Ci si ritrova, come direbbe Obama, democratici e repubblicani, divisi ma uniti almeno sui valori fondamentali. L’antirazzismo è uno di questi. Invece l’America, nonostante Obama, e dopo otto anni, si ritrova più segregata che mai.
Tarantino, celebrando il cinema che ha sempre amato, restituisce al mittente ciò che ha sempre odiato, sfruttando proprio l’irripetibilità auratica di un evento merceologico pensato come unico. Creando un agguato feticistico, Tarantino affonda le sue mani nelle piaghe dello stato dell’unione. E non fa prigionieri.

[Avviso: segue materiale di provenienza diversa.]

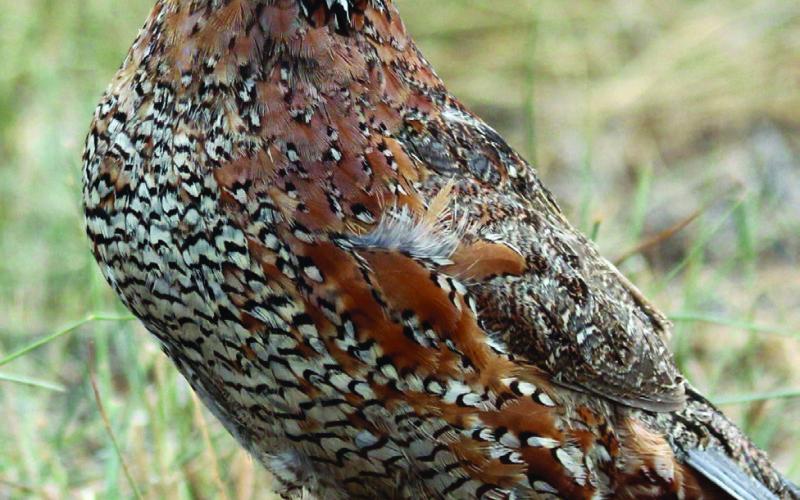 100th Quail Appreciation Day set for May 17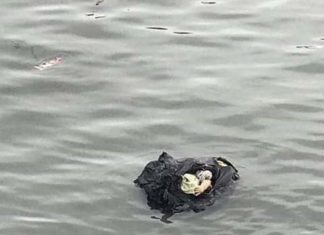 صور: بقي على قيد الحياة واخرجه بحارة: العثور على رضيع حديث الولادة في عرض البحر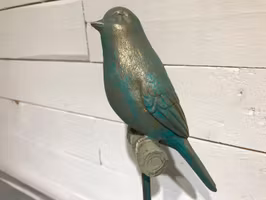 Sångfågel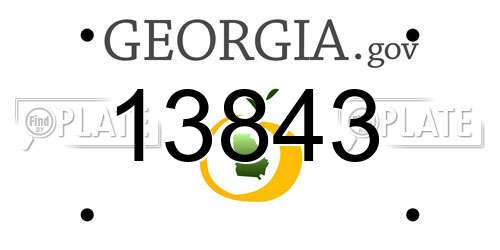13843 Georgia License Plate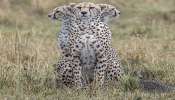 Three-headed Cheetah: একটি চিতার তিনটে মাথা? দেখে তাজ্জব সকলে!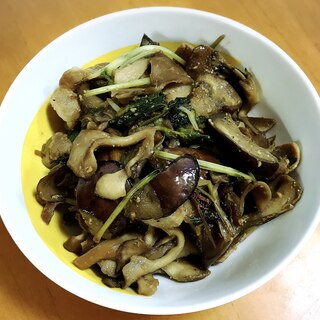 豆苗*ナス*まいたけ*豚バラ肉の味噌炒め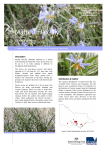 Matted Flax-lily - Department of Environment, Land, Water and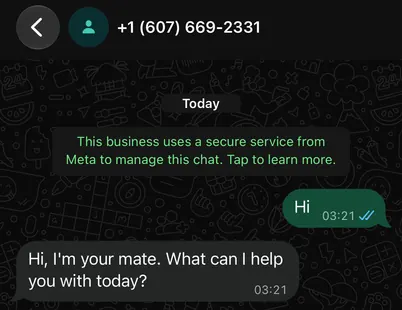実際の WhatsApp の会話:お客様がメッセージを送り、あなたの相棒が答えます。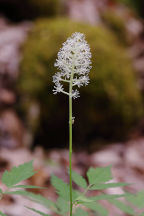 Actaea rubra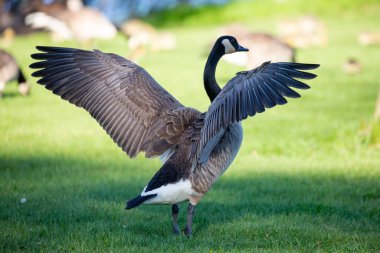 Baharda, Wisconsin, Wausau 'ya uzanan kanatlı yetişkin Kanada kazı (Branta canadensis)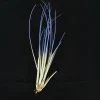 Indigo Juncea Airplant Live Plant – Tillandsia Terrarium Plant – 4-7 inches – Indoor Decorative - Image 1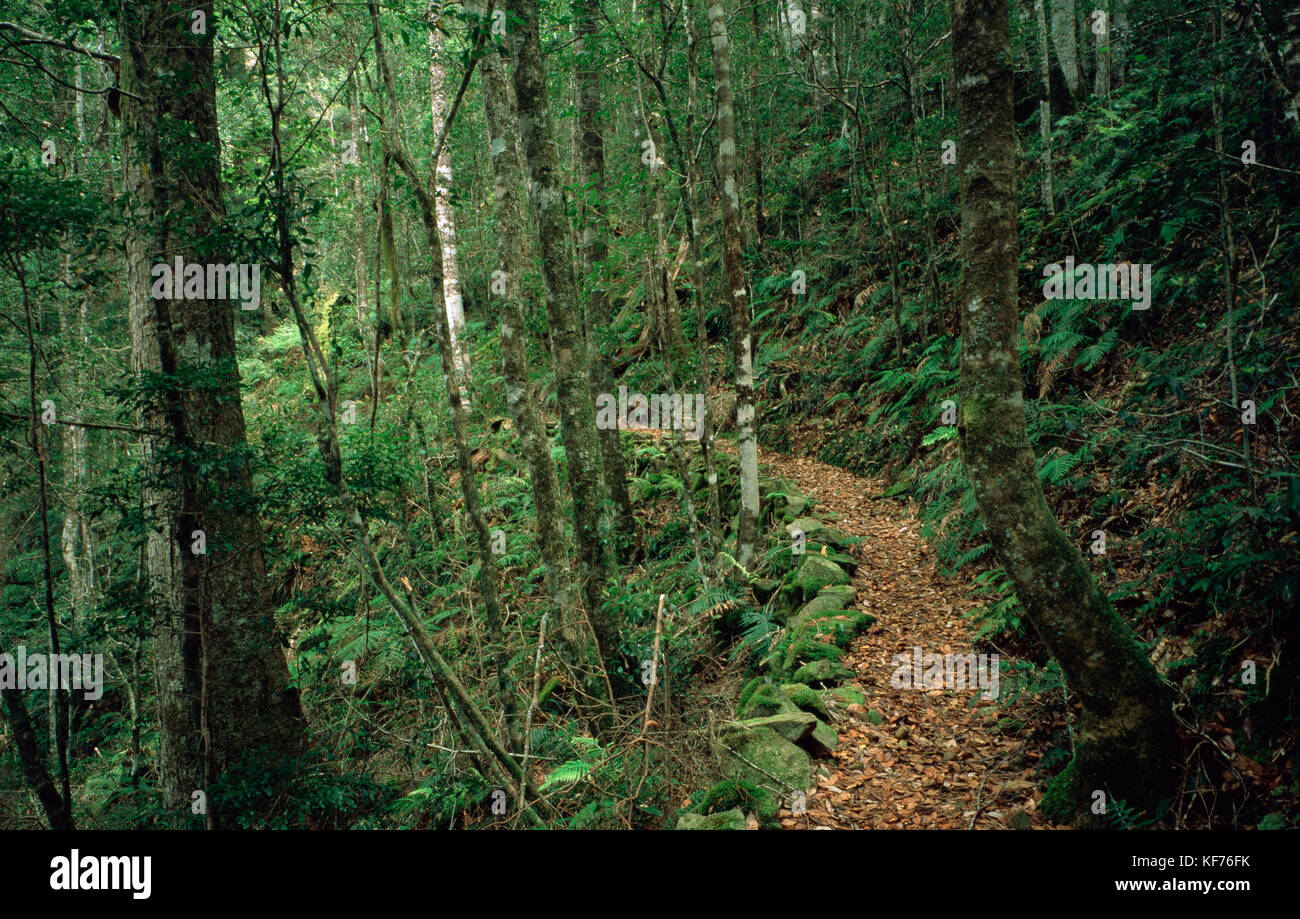 Cool temperate rainforest dominated by Antarctic beech (Nothofagus moorei) and Coachwood trees (Ceratopetalum apetalum), with track winding through. W Stock Photo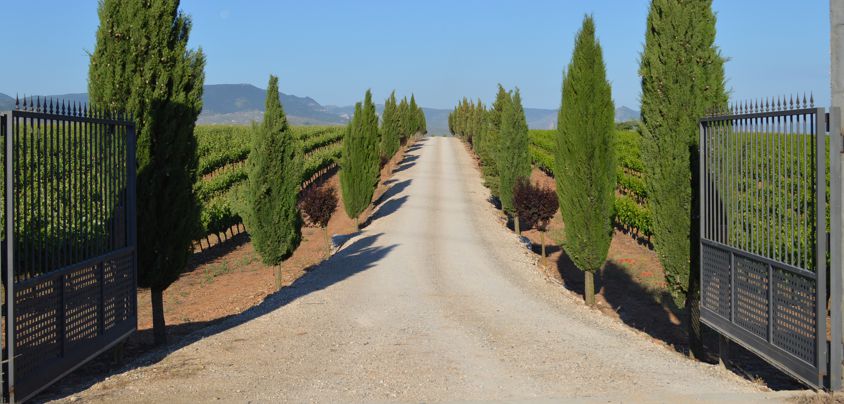Hacienda Grimon, Rioja DOCa, Tor zum Paradies resp. Weinberg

The Hateful Eight, inoltre, nella sua enorme complessità di oggetto composito, come è composito lo sguardo di Tarantino, rivela una volta per tutte l’adesione ideale del cineasta alla grande stagione del cinema della Nuova Hollywood degli anni Settanta.
Tarantino vuole appartenere alla classe dei Penn, dei Peckinpah, degli Altman e così via. Il cinema italiano di genere, è il suo giardino dei giochi d’infanzia al quale tornare sempre e comunque. Ma è la tradizione del grande cinema statunitense alla quale lui vuole appartenere.
E con The Hateful Eight mette piede in Arcadia a titolo pienissimo.
Il cinema statunitense raramente è stato più politico.